Rheinische Post: Kommentar / Eine schallende Ohrfeige für Europa = Von Frank Herrmann

Mit der Ankündigung, das Atomabkommen mit Iran
zu kippen, hat Donald Trump einst seinen Wahlkampf bestritten. So
gesehen ist er sich treu geblieben. Auch nach 15 Monaten im Oval
Office arbeitet er die Liste seiner Versprechen mit derselben sturen
Entschlossenheit ab, mit der er sich vom Pariser Klimavertrag
verabschiedete oder Zollhürden aufstellte. Nur dass der neueste
Alleingang noch folgenschwerer sein dürfte als die vorangegangenen.

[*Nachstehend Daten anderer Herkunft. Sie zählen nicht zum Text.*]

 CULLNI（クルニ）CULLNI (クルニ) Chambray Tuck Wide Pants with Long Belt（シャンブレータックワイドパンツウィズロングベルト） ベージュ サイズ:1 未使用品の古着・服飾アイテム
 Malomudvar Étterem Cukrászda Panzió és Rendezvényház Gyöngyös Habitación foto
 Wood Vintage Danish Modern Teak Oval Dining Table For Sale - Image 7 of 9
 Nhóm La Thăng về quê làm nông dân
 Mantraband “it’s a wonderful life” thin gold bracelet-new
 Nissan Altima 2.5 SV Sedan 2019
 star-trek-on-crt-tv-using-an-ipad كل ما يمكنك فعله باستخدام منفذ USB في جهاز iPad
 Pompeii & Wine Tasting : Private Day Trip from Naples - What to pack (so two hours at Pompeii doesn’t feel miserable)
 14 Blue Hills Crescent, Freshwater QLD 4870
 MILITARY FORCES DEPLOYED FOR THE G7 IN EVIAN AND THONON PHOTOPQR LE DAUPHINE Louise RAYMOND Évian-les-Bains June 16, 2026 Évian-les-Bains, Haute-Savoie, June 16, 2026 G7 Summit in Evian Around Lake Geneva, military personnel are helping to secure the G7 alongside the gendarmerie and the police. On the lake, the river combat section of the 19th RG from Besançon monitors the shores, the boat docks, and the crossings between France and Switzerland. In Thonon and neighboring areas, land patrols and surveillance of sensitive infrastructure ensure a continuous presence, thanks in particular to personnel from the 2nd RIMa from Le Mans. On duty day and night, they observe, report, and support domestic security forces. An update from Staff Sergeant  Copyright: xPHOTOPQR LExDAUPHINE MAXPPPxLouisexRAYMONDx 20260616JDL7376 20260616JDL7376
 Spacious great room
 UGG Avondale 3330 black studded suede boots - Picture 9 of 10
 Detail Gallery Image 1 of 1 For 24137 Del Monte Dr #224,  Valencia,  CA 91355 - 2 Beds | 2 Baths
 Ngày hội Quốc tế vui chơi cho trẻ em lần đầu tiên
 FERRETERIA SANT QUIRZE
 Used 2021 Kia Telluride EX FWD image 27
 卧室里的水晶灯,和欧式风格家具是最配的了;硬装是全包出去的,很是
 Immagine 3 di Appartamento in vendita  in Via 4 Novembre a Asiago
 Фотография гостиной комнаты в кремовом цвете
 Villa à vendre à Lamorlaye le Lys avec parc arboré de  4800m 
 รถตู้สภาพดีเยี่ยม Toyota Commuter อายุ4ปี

Wer auf Lerneffekte angesichts der Realität des Regierens gehofft
hatte, sieht sich endgültig eines Besseren belehrt. Der Ausstieg aus
dem Deal zeigt ein Amerika, das den Rat seiner westlichen Verbündeten
arrogant ignoriert. Er ist eine schallende Ohrfeige für die Europäer,
die die Abmachung durch Nachbesserungen zu retten versuchten. Und
zugleich ein demonstrativer Affront gegen den Brückenbauer Barack
Obama. Nicht nur, dass Trumps Vorgänger um den Wert der
transatlantischen Allianz wusste. Ihn motivierte die Überzeugung,
dass es gelingen kann, einen schwierigen Akteur wie Iran aus der
Kälte zu holen. Das Prinzip des Wandels durch Annäherung, dem Obama
im Umgang mit Teheran folgte – in den Augen Trumps ist es nichts als
naive Gutgläubigkeit. Nur: Was der Brechstangenpolitiker nicht im
Repertoire hat, sind vernünftige Alternativen.